- _The task_
Starting at the line that contains "Ibanez AS63T Artcore", transcribe every remaining line of the data below exactly, and omit all pictures.
__________________________________________________
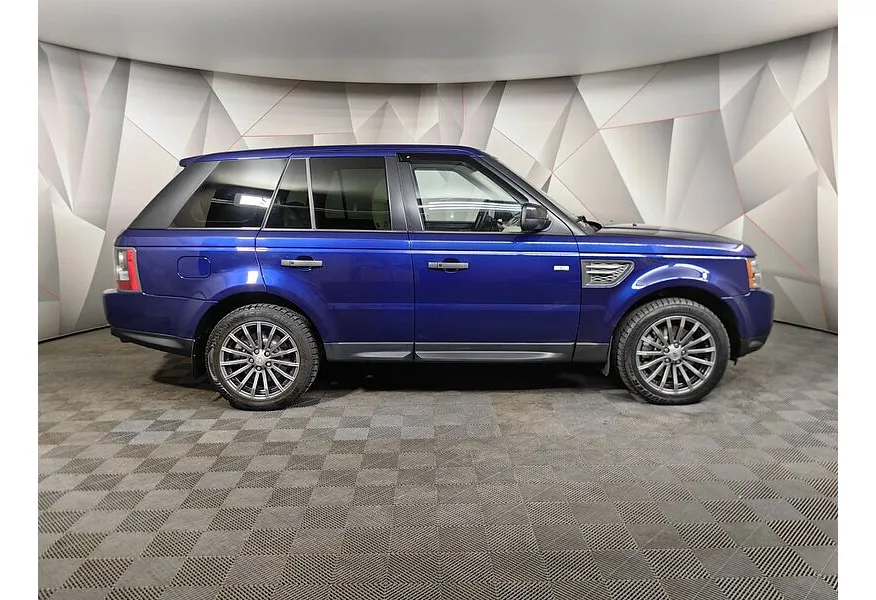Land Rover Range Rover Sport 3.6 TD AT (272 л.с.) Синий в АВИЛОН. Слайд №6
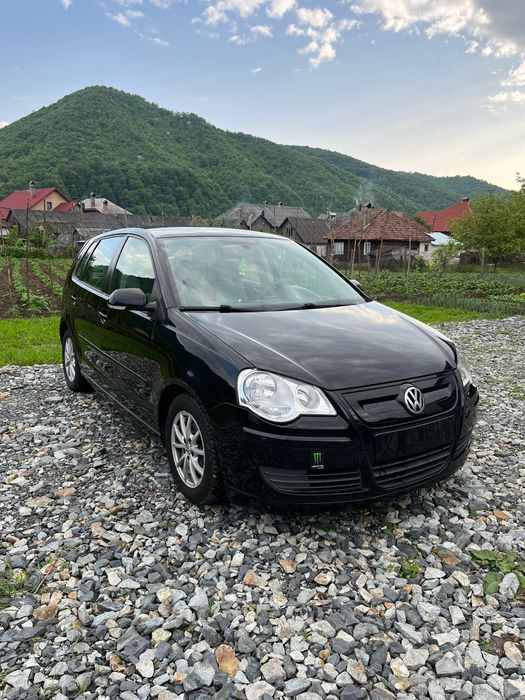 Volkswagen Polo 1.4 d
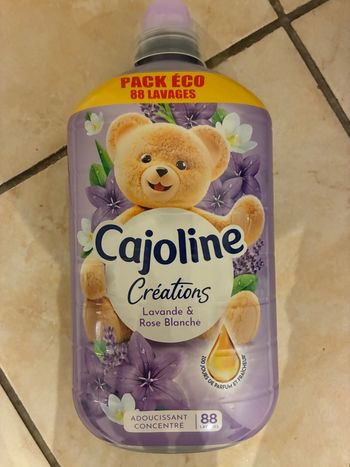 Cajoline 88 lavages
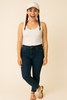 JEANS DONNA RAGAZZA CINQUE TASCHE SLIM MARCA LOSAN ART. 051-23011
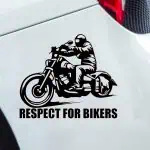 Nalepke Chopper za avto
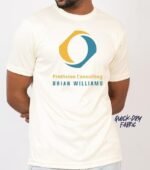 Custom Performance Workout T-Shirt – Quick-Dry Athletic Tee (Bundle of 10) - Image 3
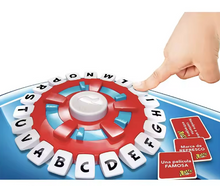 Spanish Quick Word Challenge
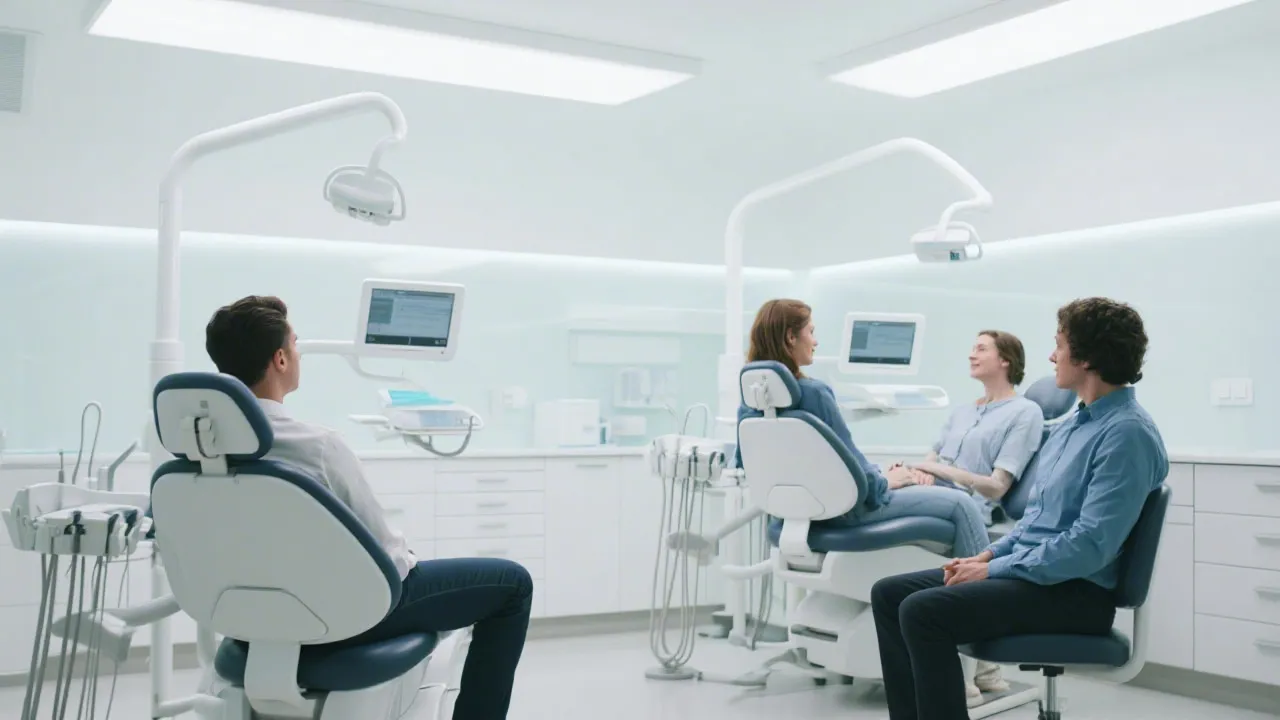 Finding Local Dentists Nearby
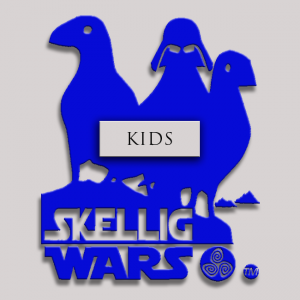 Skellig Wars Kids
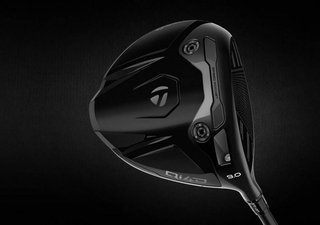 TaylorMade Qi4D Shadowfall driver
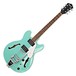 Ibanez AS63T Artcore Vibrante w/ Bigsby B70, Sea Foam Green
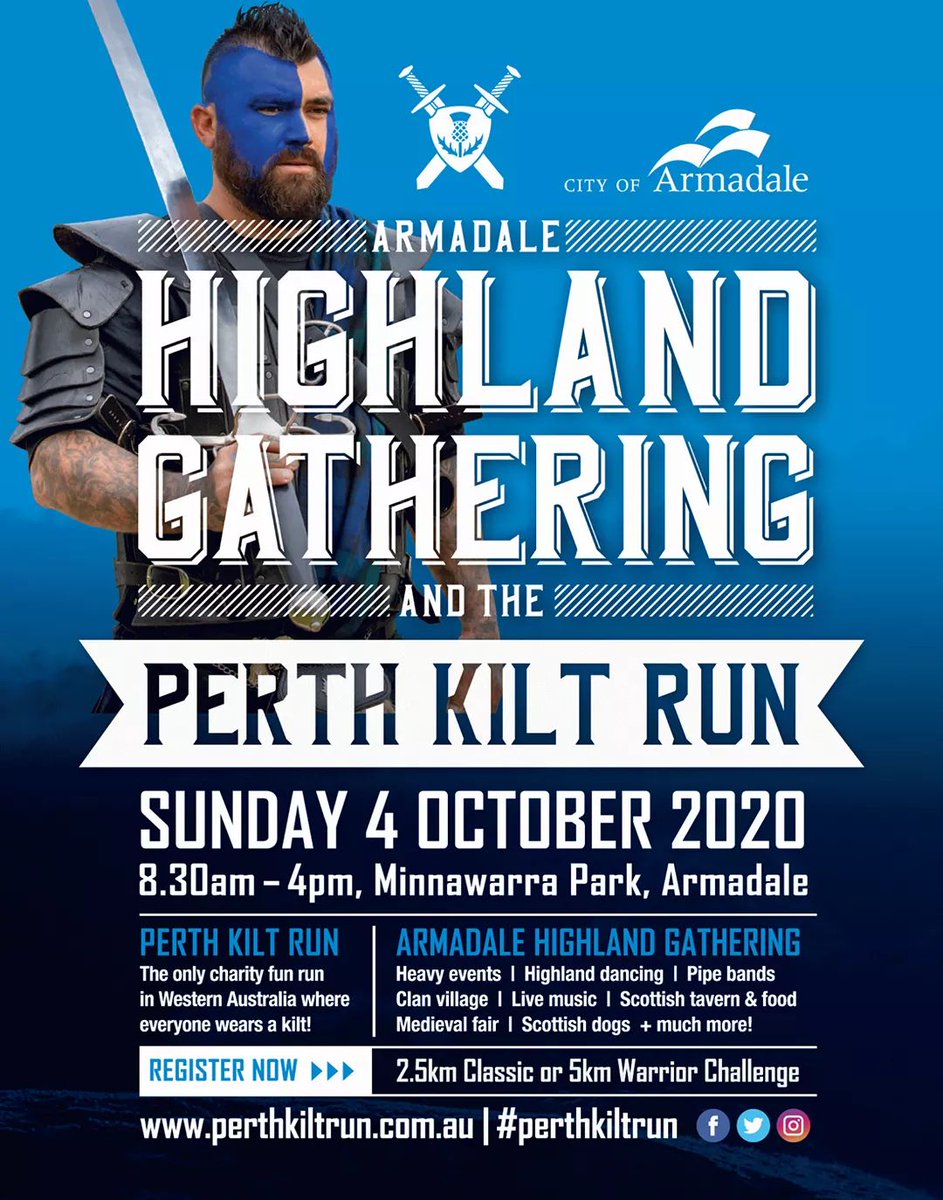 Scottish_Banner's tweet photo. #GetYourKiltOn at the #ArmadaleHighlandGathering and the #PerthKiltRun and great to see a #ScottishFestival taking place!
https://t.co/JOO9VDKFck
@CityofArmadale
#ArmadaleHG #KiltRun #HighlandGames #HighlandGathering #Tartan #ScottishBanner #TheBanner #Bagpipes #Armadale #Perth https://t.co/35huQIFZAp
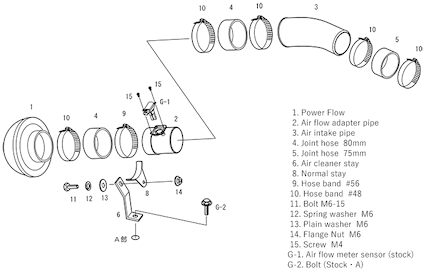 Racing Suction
__________________________________________________
- _Finished task_
 Ibanez AS63T Artcore Vibrante w/ Bigsby B70, Sea Foam Green
 Scottish_Banner's tweet photo. #GetYourKiltOn at the #ArmadaleHighlandGathering and the #PerthKiltRun and great to see a #ScottishFestival taking place!
https://t.co/JOO9VDKFck
@CityofArmadale
#ArmadaleHG #KiltRun #HighlandGames #HighlandGathering #Tartan #ScottishBanner #TheBanner #Bagpipes #Armadale #Perth https://t.co/35huQIFZAp
 Racing Suction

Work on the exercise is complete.